I paid the bill and wondered just how far removed Saint-Chely was from the modern world. And then I thought that probably was why we were here.
Age-Old Hospitality
It's rare to find a local hospitality industry that goes back more than 1,000 years.
Yet from about the 9th century -- after the remains of the apostle James were said to have been miraculously discovered buried in Compostela, Spain -- travelers have made their way there from neighboring France and beyond. A shrine was built on the spot, and later a cathedral. During the Middle Ages, the trip became one of Christianity's most important pilgrimages, along with Rome and Jerusalem.
Hospitals, monasteries and accommodations for pilgrims were built along the route, as well as an impressive collection of Romanesque churches. In the 1990s the Compostela/Compostelle pilgrimage routes in Spain and France were added to UNESCO's list of World Heritage sites.

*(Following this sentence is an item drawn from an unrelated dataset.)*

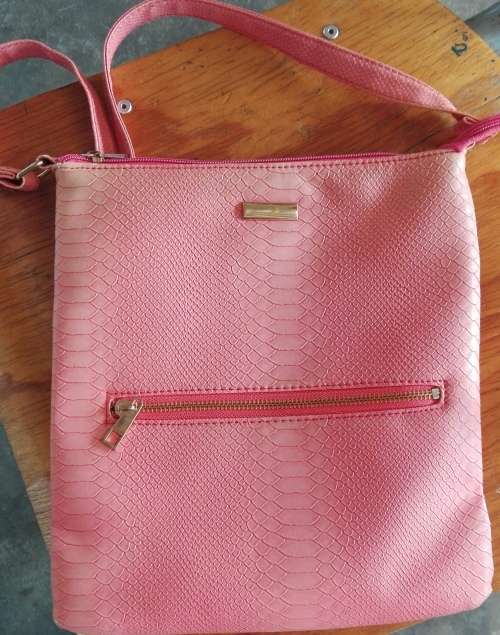 Salmon Handbag, snake-skin look-alike (LOW POSTAGE)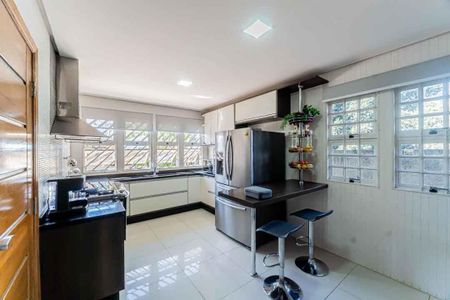 8_photo/94cf080a99.0abb473e952761da-ATLAS-edaa3de9-8e93-41bc-ab8b-09d6a0a070a6.jpg de casa à venda com 6 quartos, 420m² em Chácara Recanto Verde, Cotia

Many of the pilgrims and hikers carry walking sticks and backpacks decorated with the traditional symbol of a scallop shell. From our experience, the locals -- though English speaking is limited -- are more than willing to help.
The second day of our walk, we descended into the Lot Valley. The landscape changed as we walked up and around hills covered with young wheat and corn, through evergreen forests and stands of chestnut trees. The trail during that week would vary from anything from a foot-wide path muddied by the trickle of a spring to a regional two-lane road.
More than once, locals on foot or in cars stopped as we passed through town to give us directions. We really didn't need much help. By Day 3, we easily made our way in four hours from the bustling river town of Espalion to what would be my favorite stopover, Estaing (population 600), with its hilltop chateau, stone streets and bridges and cafe terraces that overlook the Lot. After that, I put the guide away, and we simply followed the trail markings.
The last two days, we pushed on to the town of Conques, set into a deep gorge. It's considered one of France's most historically important medieval sites, with its grand Romanesque abbey and elaborate sculpted stonework. The abbey still puts up travelers in hotel-style rooms and dormitories.
We toured the abbey with a fellow hiker, a fit 74-year-old widowed grandmother named Bernadette who gave us her address in northeast France and promised to cook us a meal if we came to visit her.